In my experience, the IMF has been one of the few official bodies that has been calling it like it sees it. They predicted, as I recall, about $2 trillion in losses long before we got to $1 trillion. At the time, their prediction was at the high end of most estimates, yet now it is probably toward the low end. Roubini is around $3.6 trillion right now.

Whether right or not, this has to give some doubt to how effectively we can fix our financial institutions with the support we are offering. Some of these institutions are effectively insolvent, and have been for some time. When their losses double or perhaps even triple, then what? We are simply throwing good money after bad.

I suggested last week that we need to nationalize certain of the too-big-to-fail financial institutions. Perhaps not all of them but some of them. We are in some instances giving them more money than they are worth in terms of market captial. Why then shouldn't we, the taxpayers, own them.

Some commented in response to my nationalization post that there are millions of individual investors who invested in these institution that would be wiped out if we nationalize them. These are people told by consultants to put their money in these companies as safe havens paying good dividends. I truly feel for these people, but they are already toast if they invested in these companies and did not sell already. For example, Citigroup was at a high around $57 a share. Let's use an easy math example and say you had $57,000 in Citigroup at the high, i.e. 1,000 shares. Now your investment would be worth less than $4,000, and that is after a 10% gain Friday. Taking the other $4,000 is not wiping these people out, they are already wiped out. And they need to understand that holding this particular stock is going to be speculation, not investment. Could it go up several hundred percent this year? Sure if the government gets stupid, but it could also get wiped out. "Investors" are not in this stock now, or should not be, "speculators" should be the only owners.

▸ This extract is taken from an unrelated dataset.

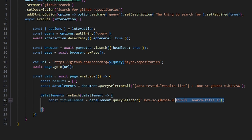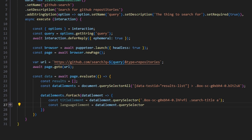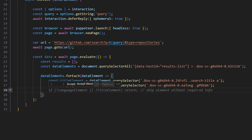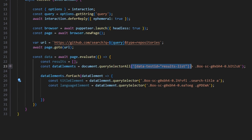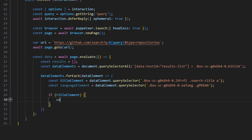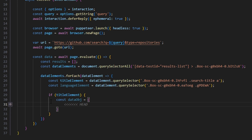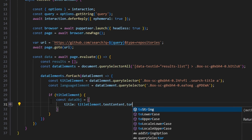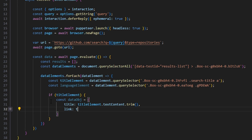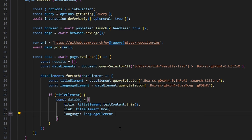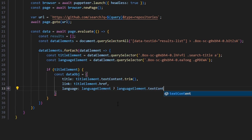After we have the title element, we're going to do the exact same thing for the language element — const languageElement equals dataElement.querySelector — and get the query selector element we need. Make sure you pause the video and type this down exactly as it is here. Now we can do const titleElement equals dataElement.querySelector. Then we do dataElements.forEach, get our dataElement, and open it up. Then we build our data object with title as titleElement.textContent.trim(), link as titleElement.href, and language using a ternary operator.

Mind you, this is not to say that if you have a stock down 40, 50, 60 or so percent that continuing to hold it is a bad idea or speculation. My comments are isolated to a few poorly run financial companies that in my view deserve to fold one way or the other. There are still plenty of companies out there that undoubtedly will survive and that are probably good bets right now. Indeed, several very good investment books I have read would highly recommend this period as a promised land for investment. You see certain very good investors like Buffet putting his foot back into the pool. He certainly sees potential for more downside but he certainly knows it is foolish to try to guess a bottom.

I do not recommend individual stocks, but right now I personally am only investing in very well capitalized stocks with little to no debt. And of course they need to have a good product/service that will not become obselete. There are a lot of these out there, you just need to look. They too can go down significantly from here, but they will likely do quite well when we come out of this.

Disclosures: None

1 comment:

CodyLe said...

I don't think the government's number one priority should be increasing short-term aggregate demand, but instead creating institutions that will allow a natural and gradual increase in demand. I suppose tax rebates and breaks will prevent the economy from worsening drastically, but they aren't the solution; in fact, I was thinking that maybe we do want the economy to worsen and have more institutions fail. With government aid, new companies that incorporate the goals of greener and more efficient business practices (energy use, data storage, employee skills, etc) could develop and not have to deal with the bureaucratic and dinosauric task of retrofitting these practices. With the credit card debt at around $6,000 tax rebates wouldn't do much in the way of stimulus anyway, getting rid of the debt is important but with sound institutions, the debt should go away in time.